L’opzione sul tavolo è quella di un’intesa quadro, non definitiva ma sufficientemente articolata da congelare le tariffe e permettere una prosecuzione dei colloqui nelle prossime settimane. “Puntiamo a un accordo di principio, è impossibile ultimare nei dettagli un’intesa in 90 giorni”, ha spiegato von der Leyen. La strategia è simile a quella adottata con il Regno Unito: chiudere il capitolo politico, rimandando le parti tecniche a tavoli successivi.
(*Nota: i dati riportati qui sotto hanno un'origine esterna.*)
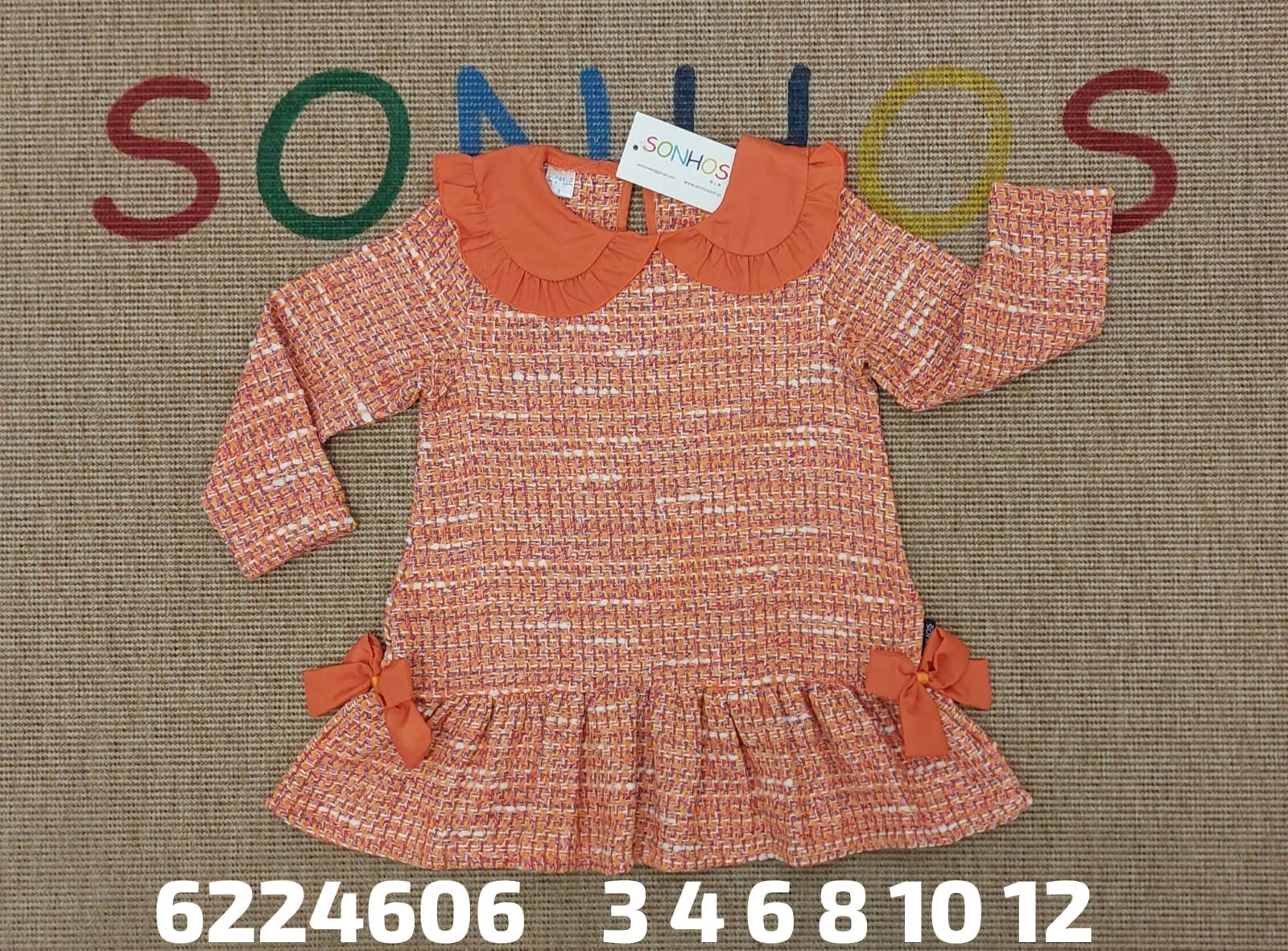Vestido naranja cuadros con cuello bebé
Ma Washington pretende un segnale tangibile, e qui entrano in gioco le concessioni europee. Secondo fonti diplomatiche, l’amministrazione americana ha chiesto impegni su almeno tre fronti: una moratoria sui procedimenti antitrust contro le Big Tech; una clausola sugli acquisti energetici che garantisca quote crescenti di gas naturale liquefatto statunitense nei prossimi cinque anni; un’intesa quadro per agevolare le esportazioni di sistemi d’arma made in Usa. L’Ue valuta, ma i 27 devono decidere rapidamente se accettare un compromesso ora o rischiare un’escalation da mercoledì prossimo.